How Much Should You Spend on a Car Based on Salary?
When you purchase a vehicle, there is much more to consider than the purchase price. Along with the monthly payments, you are going to have to pay for insurance and be prepared for all maintenance and repair costs.
To address the simplest aspect of the question, the total purchase price of a vehicle should be 35% of your yearly income or less. So, if you make $40,000 per year, you should try to buy a vehicle that costs $14,000 or less. Some financial experts have recommended even lower percentages, from 10-25%, though, depending on your income, these can make it difficult to acquire a reliable vehicle that won’t give you mechanical problems down the road. The reason you want to keep your outlay to a minimum is simple: cars are a bad investment. They don’t hold their value well, and they cost more in terms of maintenance as they age. For these reasons, you want to eschew the impulse to buy the fanciest car on the lot, and instead opt for a modest, reliable, utilitarian vehicle that fits your needs and budget.
You also need to consider your monthly payment. Overall, you want to devote no more 10% of your monthly income toward a car payment. In reality, 5-8% is even more preferable. This leaves you plenty of room to pay for gas, repairs, insurance, and not overburden your finances with an expensive vehicle loan.
When you attempt to get a loan for your new vehicle, lenders will look at all of your debt payments and compare them to your gross income. This is called your debt-to-income (DTI) ratio, and it includes everything from your rent and utilities to the payments on the loan you are applying for. Your car insurance is another factor considered in your DTI. The vast majority of lenders will deny any loan if the applicant has a DTI that exceeds 40 percent. Lenders consider your credit score when determining what DTI you may have and still get a car loan from them. If your score is in excess of 720, you will have the ability to stretch your DTI to 40 percent. If your score is under 699, you will be required to have a lower DTI. The lower your credit score goes, the lower your DTI will need to be.
There are some online lenders who are willing to take the risk of making loans to people who have a low credit score and a high DTI. A careful search will pair you with a reputable lender who is willing to consider more than your DTI and credit score.
6 Top Answers to “How Much Can I Afford For a House” Questions
Overview of How Much You Can Afford with Your Salary Guide
If you’re thinking about buying a home, you may be asking yourself, “How much house can I afford with my salary?” That’s the right question to ask.
Your income will be an important factor in determining if you qualify for low mortgage interest rates and will also determine how much you can afford to pay for a mortgage on a monthly basis.
But how do you calculate this while you’re wondering how much can you afford for a house?
This “How Much You Can Afford with Your Salary” guide will reveal some of the top answers to the question: “How much can I afford for a house?” You will also learn how to find a reliable “How Much House Can I Afford Calculator.”
Let’s explore some of the top answers to “How much can I afford for a house?”
If you’re asking yourself, “How much can I afford to spend on a house?”, you’re not alone. There are a number of questions circulating online that answer the question: “How much house can I really afford?” Even couples are asking themselves, “How much house can we afford?” Here are a few concerns individuals have about how much home they can afford:
- Is there a “How Much House Can I Afford” calculator?
- How do I find a good “How Much House Can I Afford” calculator?

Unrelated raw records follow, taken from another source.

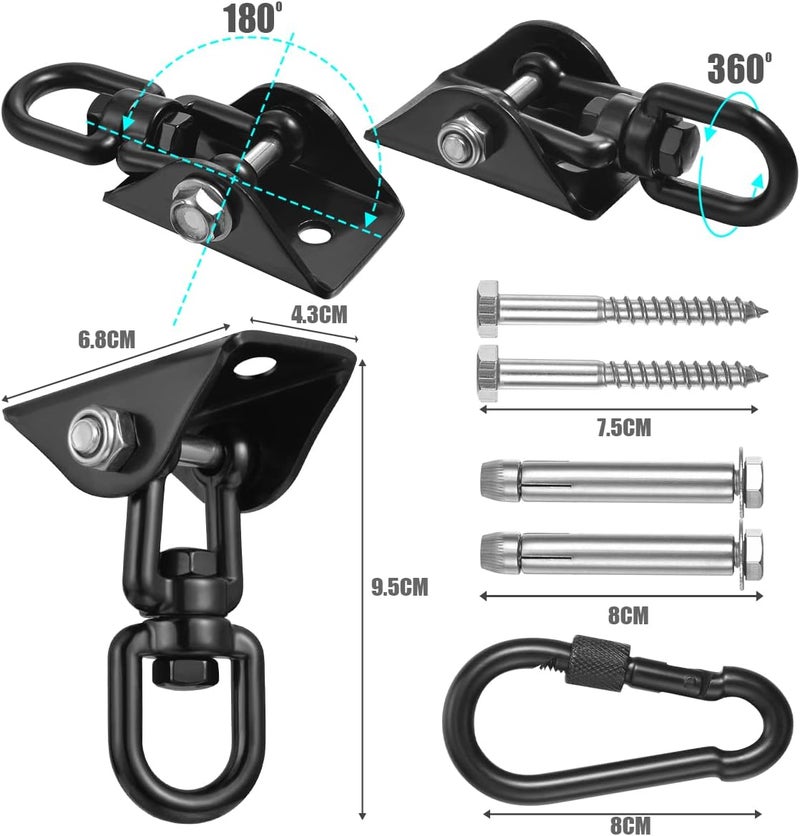 YOSE 2-Pack Hammock Hanging kit,360°Rotating 1200 lb Capacity Heavy Duty,Hanger & Swing Hook Snap for Concrete Wood,Hammock,Veranda Seat,Chair,Swing Sets,Yoga and Gym（Without Chain ） - Image 4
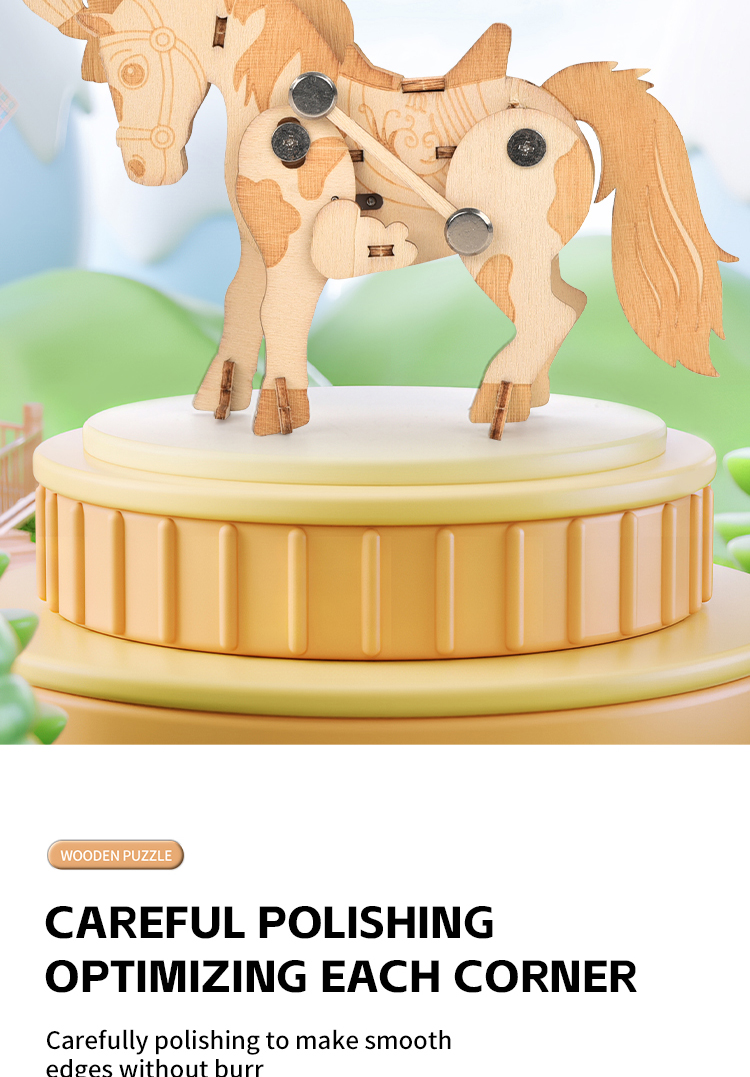 Hands-on Craft DIY 3D Poplar Wood Puzzle Wind-up Walking Animal Model STEM Educational Kit for Ages 4-6
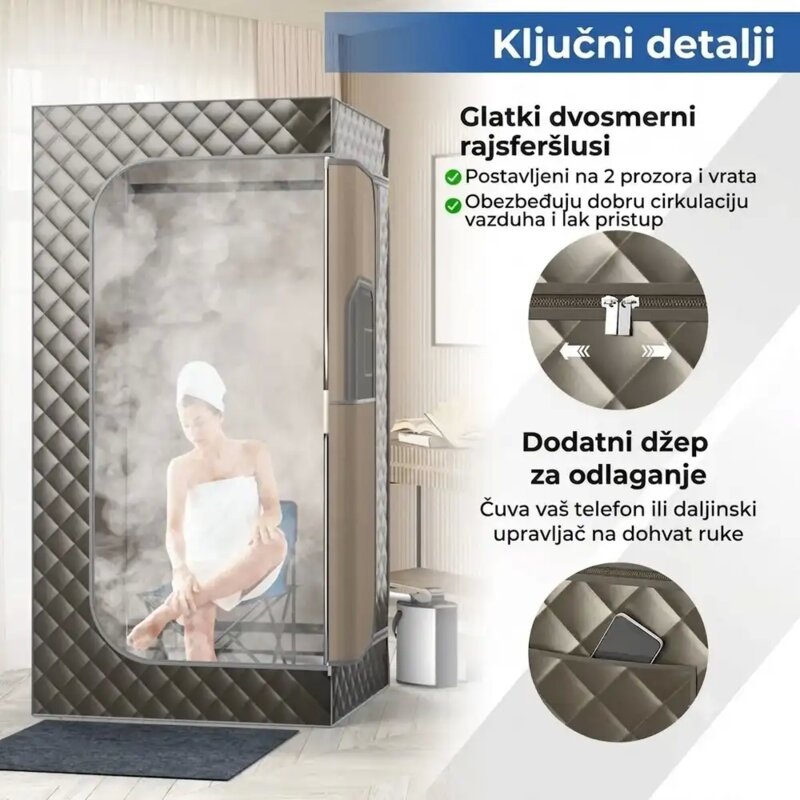 Domaro Prenosiva parna sauna za 1 osobu sa masažerom i generatorom pare 3L - dodatni pogled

- How much of a house can I afford when I work for myself?
- How much house payment can I afford if the home I want to buy has homeowners association fees?
- How much can you afford for a house if you’ve been working at the same job for less than two years?

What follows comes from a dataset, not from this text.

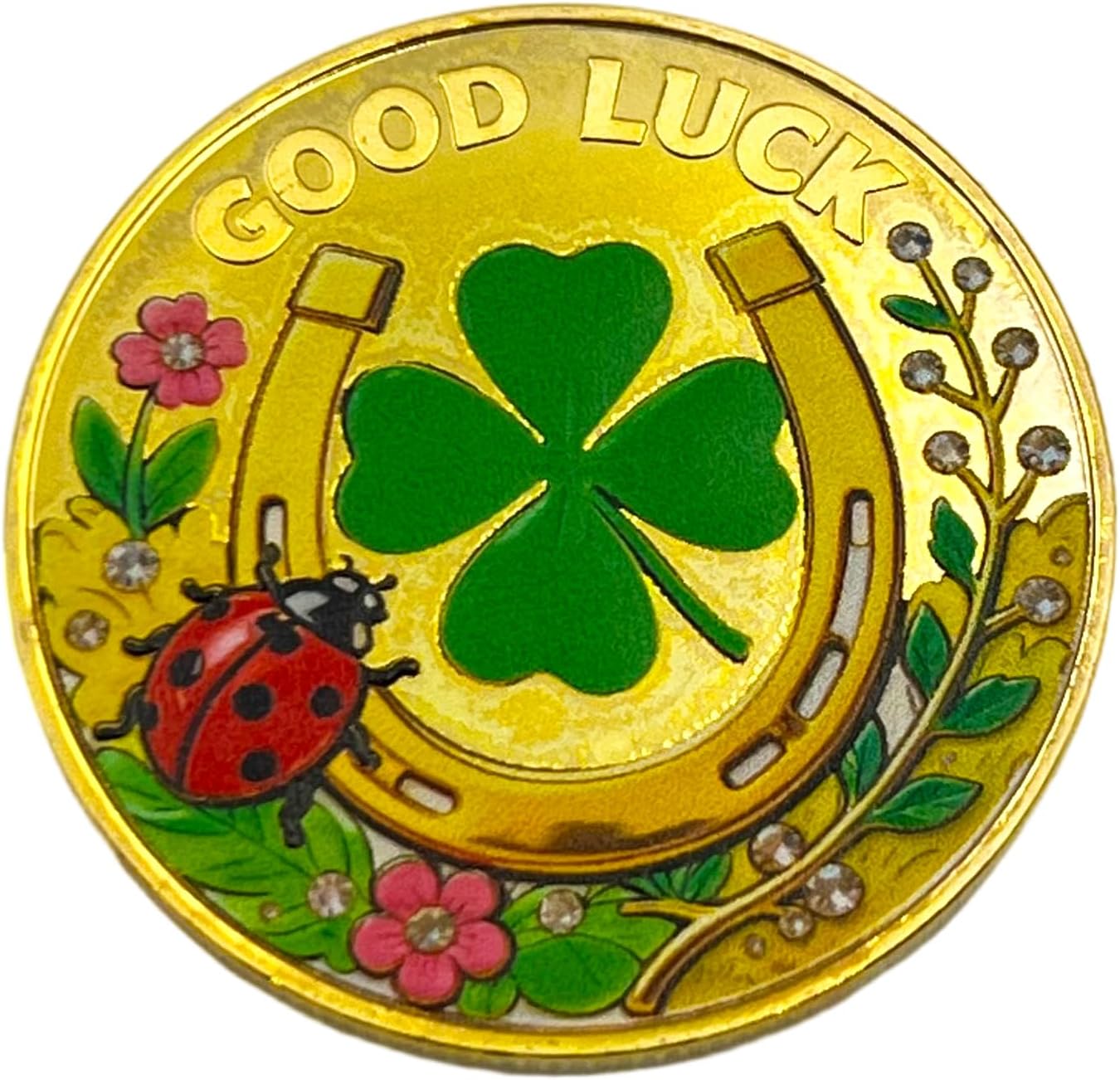 Lucky Coin Penny - Good Luck Four Leaf Clover Horseshoe Ladybug Lucky Charm, Lottery Ticket Scratcher Tool Chip, Las Vegas Souvenirs Poker Player Gifts for Men Women eBaydiy Tools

- How much house can I afford based on income if I have been working at the same job for three years?
6 Top Answers to “How Much Can I Afford for a House?” Questions
1. Use a “How Much Can I Afford for a House” Calculator
Using a “How Much Can I Afford For a House” calculator is a quick way to get a general idea to answer your question: “How much of a house can I afford?” These types of calculators are available on countless websites to quickly give you a rough estimate on how much of a house you can afford.
It is important to remember that these calculators do not mean you will be approved for a home even if the numbers look affordable to you.
Most of the calculators offered on websites should ask for a variety of data to input to give you a good estimate of what your monthly payments will be and how much home you should be able to afford.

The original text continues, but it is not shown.